Chicago, June 1, 2011 -- As the auto industry continues to set strides of recovery just as our economy has, taking advantage of new opportunities is necessary for continuing to assist car buyers in getting the vehicles they desire. This is the best time for dealerships to take advantage of the market unfolding before them.
Last year, more than 38 million used vehicles were sold by franchised and independent sales. That is nearly a 3-1 ratio of new to used. Of these vehicles, the certified pre-owned saw an all-time record high last year of 1.7 million units, a jump of more than 6 percent. Although these numbers did see an increase, a downside has been set to the balance.
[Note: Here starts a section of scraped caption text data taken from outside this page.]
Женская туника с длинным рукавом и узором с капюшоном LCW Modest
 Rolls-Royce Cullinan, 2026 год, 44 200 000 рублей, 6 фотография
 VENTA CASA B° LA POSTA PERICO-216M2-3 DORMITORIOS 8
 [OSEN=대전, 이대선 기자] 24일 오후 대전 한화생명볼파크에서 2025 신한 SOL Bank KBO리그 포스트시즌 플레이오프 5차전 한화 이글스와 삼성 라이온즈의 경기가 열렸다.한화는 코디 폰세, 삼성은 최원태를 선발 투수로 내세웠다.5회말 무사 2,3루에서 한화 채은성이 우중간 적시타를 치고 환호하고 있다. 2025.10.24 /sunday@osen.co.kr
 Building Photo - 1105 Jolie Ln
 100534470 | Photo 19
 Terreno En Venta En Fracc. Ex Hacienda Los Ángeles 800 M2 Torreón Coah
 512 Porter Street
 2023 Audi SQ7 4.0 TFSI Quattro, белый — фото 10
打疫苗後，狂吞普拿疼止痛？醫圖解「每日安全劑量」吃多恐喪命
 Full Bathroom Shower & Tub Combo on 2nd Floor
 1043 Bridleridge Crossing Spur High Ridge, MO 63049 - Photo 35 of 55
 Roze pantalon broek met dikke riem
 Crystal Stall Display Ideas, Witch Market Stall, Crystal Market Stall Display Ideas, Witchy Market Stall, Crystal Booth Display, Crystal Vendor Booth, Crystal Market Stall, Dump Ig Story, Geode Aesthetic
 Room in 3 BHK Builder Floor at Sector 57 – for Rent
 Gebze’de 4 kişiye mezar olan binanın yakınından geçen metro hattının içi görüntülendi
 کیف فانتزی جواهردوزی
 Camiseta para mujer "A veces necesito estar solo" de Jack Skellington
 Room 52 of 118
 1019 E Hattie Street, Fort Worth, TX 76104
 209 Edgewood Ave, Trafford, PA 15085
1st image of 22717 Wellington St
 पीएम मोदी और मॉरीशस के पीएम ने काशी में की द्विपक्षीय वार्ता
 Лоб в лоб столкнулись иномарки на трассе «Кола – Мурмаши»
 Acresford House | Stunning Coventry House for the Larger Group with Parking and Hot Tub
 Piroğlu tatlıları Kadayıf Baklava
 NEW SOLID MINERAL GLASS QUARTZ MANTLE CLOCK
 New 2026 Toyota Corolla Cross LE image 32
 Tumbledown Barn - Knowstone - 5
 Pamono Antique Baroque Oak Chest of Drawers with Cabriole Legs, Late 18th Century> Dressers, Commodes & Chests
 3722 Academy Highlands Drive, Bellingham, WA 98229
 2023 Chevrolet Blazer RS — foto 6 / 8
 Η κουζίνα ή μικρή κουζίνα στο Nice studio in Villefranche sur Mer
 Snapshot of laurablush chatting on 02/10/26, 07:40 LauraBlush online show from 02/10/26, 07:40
In the past couple of years the life of vehicles has increased, as well as their ownership time. The trend is that while vehicles are living longer on the road, so are the terms people are financing. In order to keep payments low, the average finance term is drawn out over 60 months. This creates a longer shelf life and a lower selection of higher quality pre-owned vehicles.
Last year, the "sweet spot," or used vehicles of 3-4 years of age, dropped in availability by 19 percent. What's even more dramatic is that because of the higher demand and lower selection, the prices soared more than 25 percent - an increase on average of $4,000 per vehicle that is three years old.
Financing is tougher and payments are higher, resulting in longer possession of these vehicles - especially if buyers can't get what they want at an appropriate price.
Unless, you create a new way; a better way.
The "Big Three" are aggressively attacking leasing after seeing the gains that imports have received because of it, and rate subventions from the captive finance sources on new vehicle purchases allows for lower monthly payments - 83 percent of all car purchases are financed. Due to shortages of off-lease and fleet vehicles at auctions, prices are high and in effect, raise the monthly payment for the potential consumer.
Mudd Advertising has joined forces with Allied Solutions out of Carmel, Indiana, and Auto Financial Group (AFG) out of Houston to package a Residual Based Finance (RBF) tool as a go-to-market, consumer-driven and turn-key marketing campaign.
The premise of iAutopayment RBF is to introduce and explain to the consumer the advantages of a 24 or 36-month balloon finance alternative to the conventional retail installment contract. The program focuses on the two most important buying needs of today's consumer:
Low monthly payment (payments calculated with RBF can be lower than conventional payments by up to 40%) and trade cycle management (allowing the consumer to trade out of vehicle much faster).
Statistics show that the average consumer is looking to trade in their current vehicle after 26 months into a 60-month contract. This scenario creates an in-equity position for the consumer and a lost customer for the dealer. They do not return to the originating dealer for a couple of basic reasons:
1) They know they owe more for the car than it's worth.
2) They do not want to return to the same store due to embarrassment or they blame original dealer for their current predicament.